Anne Dawson, professor of art history, and Sharon Butler, professor of visual art, recently represented Eastern on two different panel discussions in New York City. Dawson, an expert on painter J. Alden Weir, joined Judy Jacobs, senior conservator at the National Park Service, and Peter Trippi, editor of "Fine Art Connoisseur," at the Salmagundi Dining Room and Bar on Park Avenue on Oct. 21 to address the significance of the life and work of the Weir Farm National Historic Site in Wilton.
Many artists have lived and worked at the Weir Farm, continuing the legacy of Weir's artistic expression. Visitors have the opportunity to experience plein air painting and sketching firsthand while becoming a part of a unique and enduring artistic tradition.
Also on Oct. 21, Butler visited the Brooklyn, NY, home of the well-known non-profits Momenta Art and NurtureArt in an event titled, "Rolling Conversations." Butler discussed how emerging artists need to think more clearly and realistically about how they price their artwork. She wrote a brief report of the conversation at www.twocoatsofpaint.com/2011/10/dont-ask-dont-tell-pricing-artwork.html.

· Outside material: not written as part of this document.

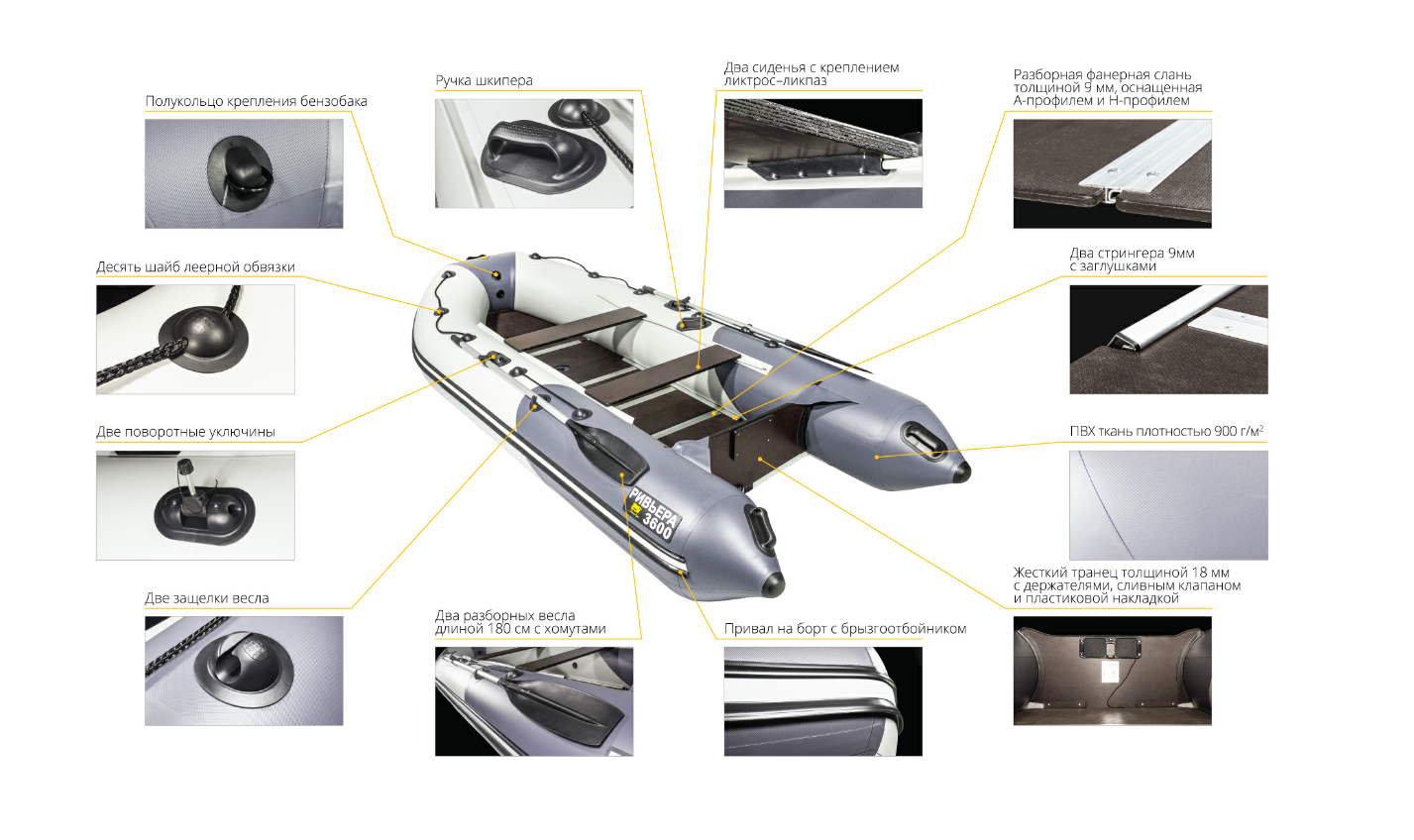 Лодка Ривьера Компакт 2900 СК в Новомосковске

Earlier in October, Butler discussed how contemporary artists are using Web 2.0 and Social Networking Media to create, distribute and promote their artwork during the New York Studio School's Lunchtime Lecture Series. On Oct. 6 in Boston, Butler gave a presentation at "Teaching Visual Arts Online," a panel discussion hosted by Massachusetts College of Art and Design.